Action item —
Repeat exactly the line with "Dior - Diorsignature" and each line after it to the end of the data below; pictures stay out.

[Records from a data collection]
########################################

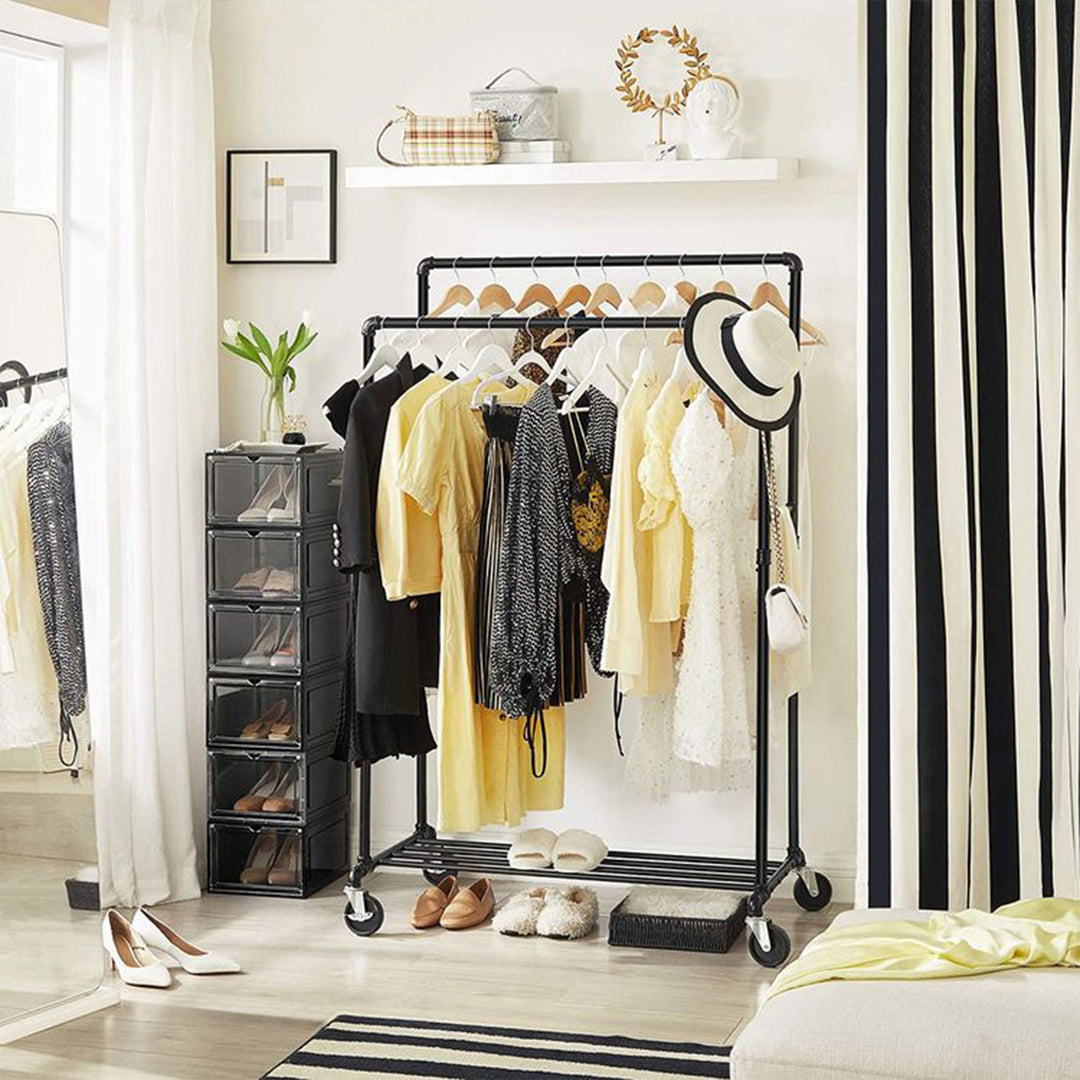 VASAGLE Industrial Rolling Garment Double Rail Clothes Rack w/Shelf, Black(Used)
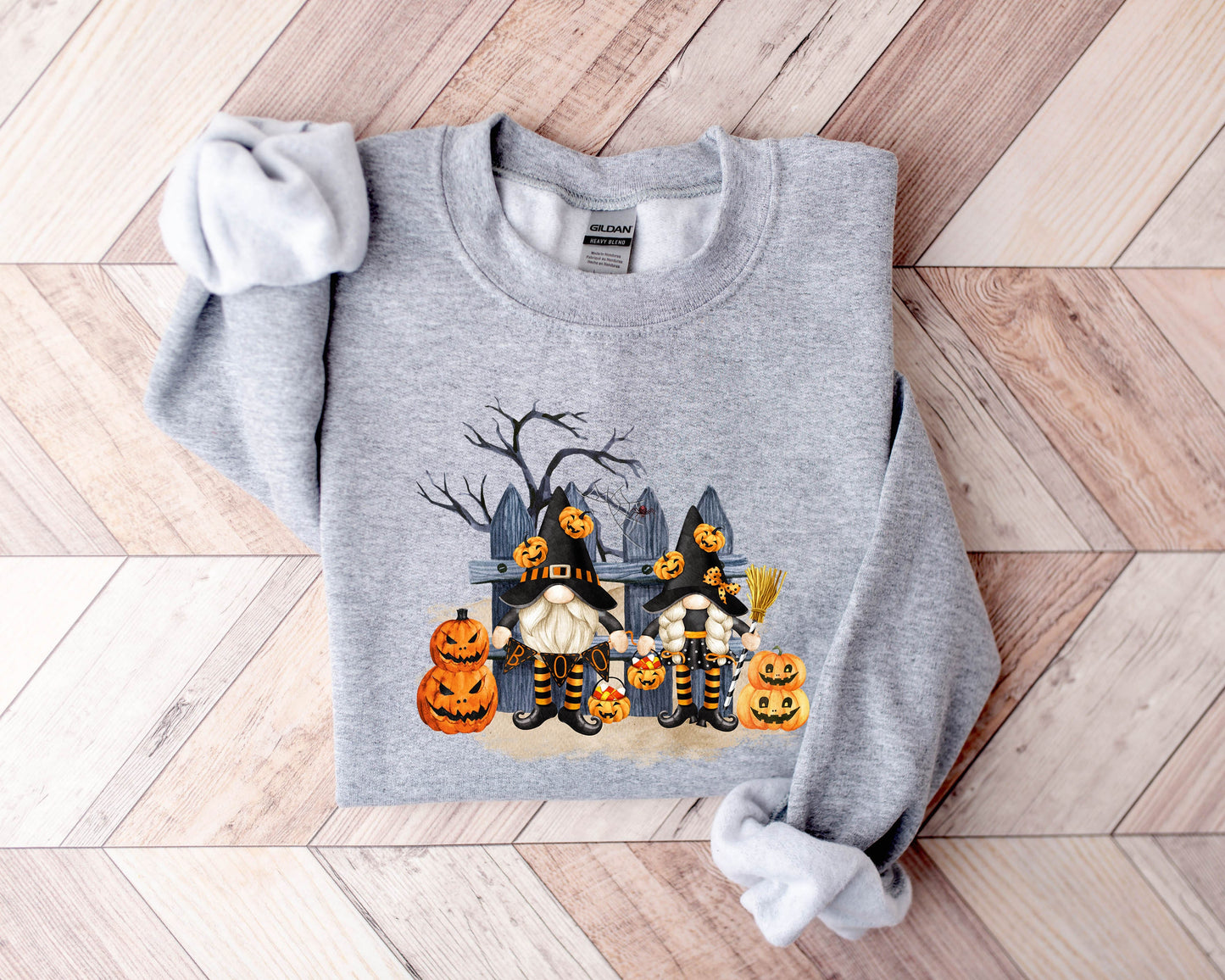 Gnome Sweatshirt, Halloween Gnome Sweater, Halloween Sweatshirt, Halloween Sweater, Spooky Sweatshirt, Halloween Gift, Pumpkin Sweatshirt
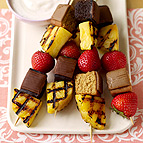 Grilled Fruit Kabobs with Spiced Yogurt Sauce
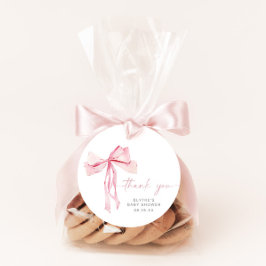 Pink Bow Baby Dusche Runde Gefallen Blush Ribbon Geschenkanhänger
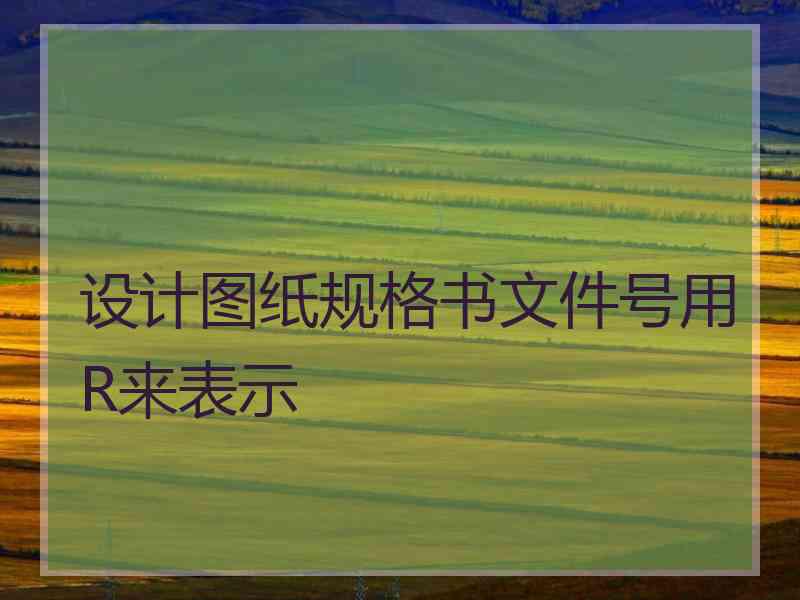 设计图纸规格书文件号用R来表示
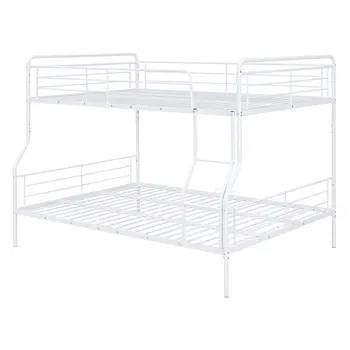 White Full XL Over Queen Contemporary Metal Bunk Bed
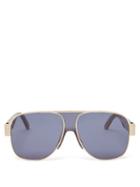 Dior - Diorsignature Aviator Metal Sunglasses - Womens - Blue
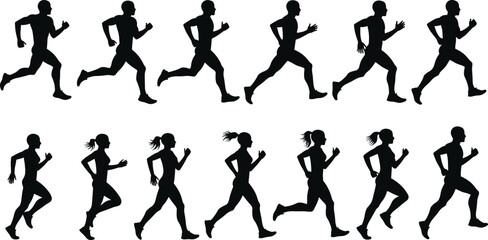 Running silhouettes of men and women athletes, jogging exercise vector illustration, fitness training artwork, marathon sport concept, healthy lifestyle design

########################################

Completed exercise —
 Dior - Diorsignature Aviator Metal Sunglasses - Womens - Blue
 Running silhouettes of men and women athletes, jogging exercise vector illustration, fitness training artwork, marathon sport concept, healthy lifestyle design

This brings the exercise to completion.